In March, Google introduced MediaPipe Objectron, a collection of mobile-centric real-time 3D object detection models. It was trained on a real-world 3D dataset with fully-annotated images. It was capable of predicting 3D bounding boxes of any objects. Bounding box is a 3D box with vertical and horizontal lines carved around an object in augmented reality in simple terms. Machine Learning has made exceptional advancements in achieving the highest level of sophistication when trained solely on photos.

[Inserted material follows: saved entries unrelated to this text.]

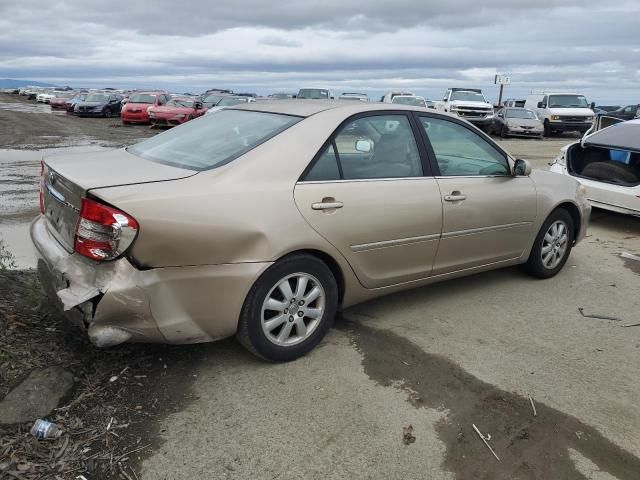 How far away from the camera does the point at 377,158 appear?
3.92 meters

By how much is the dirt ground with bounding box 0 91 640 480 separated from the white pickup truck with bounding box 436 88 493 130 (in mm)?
22717

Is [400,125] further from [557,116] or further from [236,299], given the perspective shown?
[557,116]

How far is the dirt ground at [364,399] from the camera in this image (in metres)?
2.65

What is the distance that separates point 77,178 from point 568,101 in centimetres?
2805

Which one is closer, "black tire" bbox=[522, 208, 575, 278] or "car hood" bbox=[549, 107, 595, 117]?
"black tire" bbox=[522, 208, 575, 278]

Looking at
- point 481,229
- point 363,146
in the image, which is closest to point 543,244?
point 481,229

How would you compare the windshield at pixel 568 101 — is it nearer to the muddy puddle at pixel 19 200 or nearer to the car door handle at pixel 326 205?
the muddy puddle at pixel 19 200

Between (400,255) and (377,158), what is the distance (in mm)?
685

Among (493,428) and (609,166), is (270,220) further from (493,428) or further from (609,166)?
(609,166)

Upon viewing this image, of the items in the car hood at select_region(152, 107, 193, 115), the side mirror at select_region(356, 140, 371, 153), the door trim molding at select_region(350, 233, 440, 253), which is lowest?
the car hood at select_region(152, 107, 193, 115)

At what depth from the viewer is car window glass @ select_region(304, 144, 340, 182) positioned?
3.50 m

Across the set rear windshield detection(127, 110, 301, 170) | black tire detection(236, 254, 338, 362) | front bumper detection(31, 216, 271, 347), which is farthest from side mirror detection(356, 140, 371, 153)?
→ front bumper detection(31, 216, 271, 347)

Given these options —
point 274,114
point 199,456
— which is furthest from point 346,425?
point 274,114

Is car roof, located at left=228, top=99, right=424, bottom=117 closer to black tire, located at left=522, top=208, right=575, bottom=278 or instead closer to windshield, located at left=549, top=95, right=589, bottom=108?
black tire, located at left=522, top=208, right=575, bottom=278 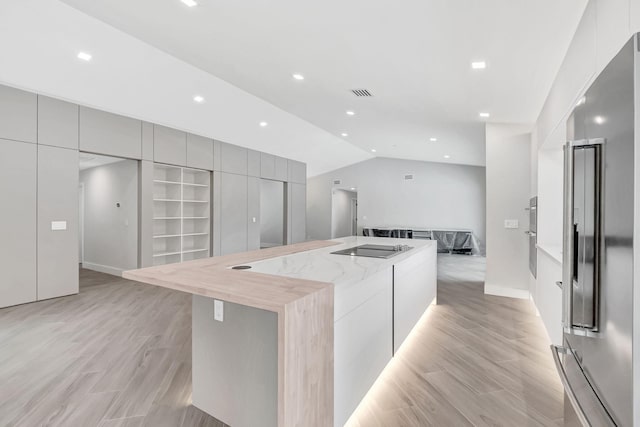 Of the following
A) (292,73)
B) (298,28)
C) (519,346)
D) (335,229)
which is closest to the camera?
(298,28)

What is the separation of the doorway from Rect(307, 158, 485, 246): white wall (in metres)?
7.78

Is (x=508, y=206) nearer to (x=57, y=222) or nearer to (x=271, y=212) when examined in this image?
(x=57, y=222)

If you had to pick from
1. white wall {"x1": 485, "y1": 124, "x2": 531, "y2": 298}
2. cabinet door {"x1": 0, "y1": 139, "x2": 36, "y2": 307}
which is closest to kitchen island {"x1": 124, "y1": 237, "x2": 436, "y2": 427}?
white wall {"x1": 485, "y1": 124, "x2": 531, "y2": 298}

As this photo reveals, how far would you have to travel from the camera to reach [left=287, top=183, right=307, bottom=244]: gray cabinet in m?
9.80

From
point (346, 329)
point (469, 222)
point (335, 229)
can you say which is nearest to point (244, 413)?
point (346, 329)

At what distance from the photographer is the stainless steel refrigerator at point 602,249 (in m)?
0.90

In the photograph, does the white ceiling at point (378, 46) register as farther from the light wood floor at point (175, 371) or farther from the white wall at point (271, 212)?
the white wall at point (271, 212)

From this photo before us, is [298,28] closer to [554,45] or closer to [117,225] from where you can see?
[554,45]

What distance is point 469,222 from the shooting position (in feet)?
34.7

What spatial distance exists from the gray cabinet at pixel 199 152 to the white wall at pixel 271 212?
15.3 feet

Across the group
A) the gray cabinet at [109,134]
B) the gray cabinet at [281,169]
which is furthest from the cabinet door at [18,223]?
the gray cabinet at [281,169]

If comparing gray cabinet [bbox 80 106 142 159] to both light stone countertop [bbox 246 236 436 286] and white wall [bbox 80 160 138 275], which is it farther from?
light stone countertop [bbox 246 236 436 286]

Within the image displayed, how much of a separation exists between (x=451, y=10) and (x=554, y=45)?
0.98m

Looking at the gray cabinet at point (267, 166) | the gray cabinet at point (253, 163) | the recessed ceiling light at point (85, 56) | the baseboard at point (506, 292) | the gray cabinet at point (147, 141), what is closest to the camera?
the recessed ceiling light at point (85, 56) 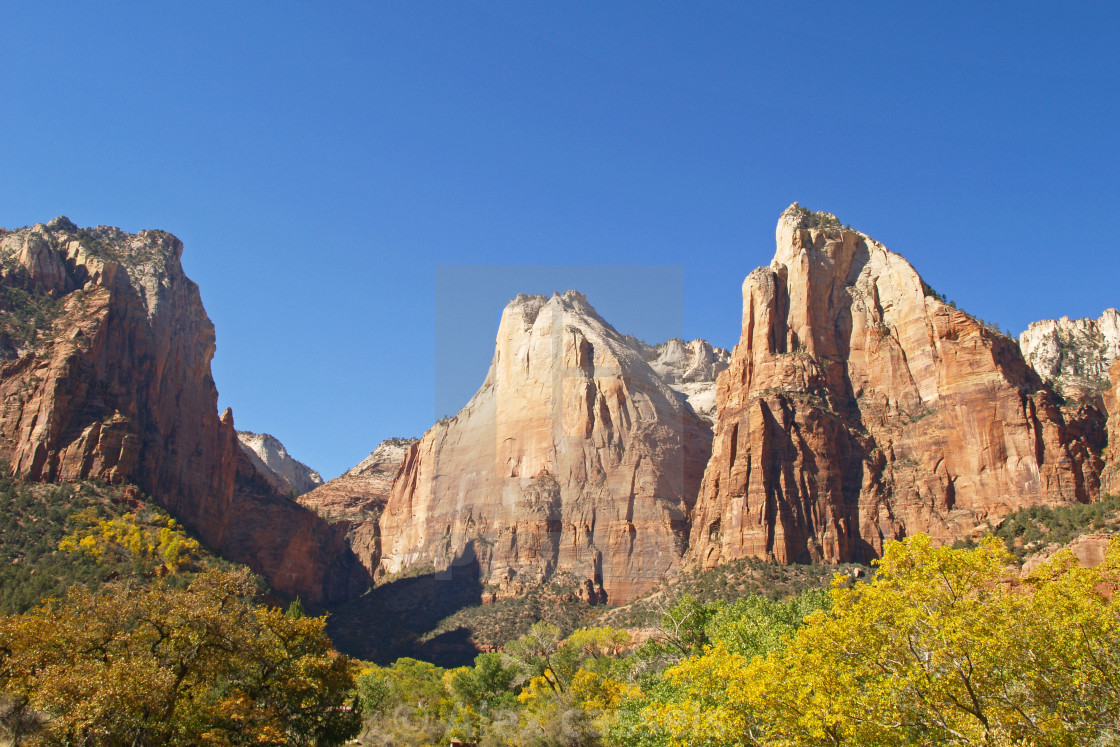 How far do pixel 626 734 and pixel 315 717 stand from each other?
12960 millimetres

Google announces Objectron Dataset
On November 9, Google released its next-gen Objectron Dataset that uses a trove of short, object-centric video clips. The dataset captures a plethora of dataset of common objects from different angles. According to the statement made by Google, each video clip enlisted on Objectron dataset arrives with AR session metadata which can provide additional information. This includes sparse 3D point-clouds and different camera poses.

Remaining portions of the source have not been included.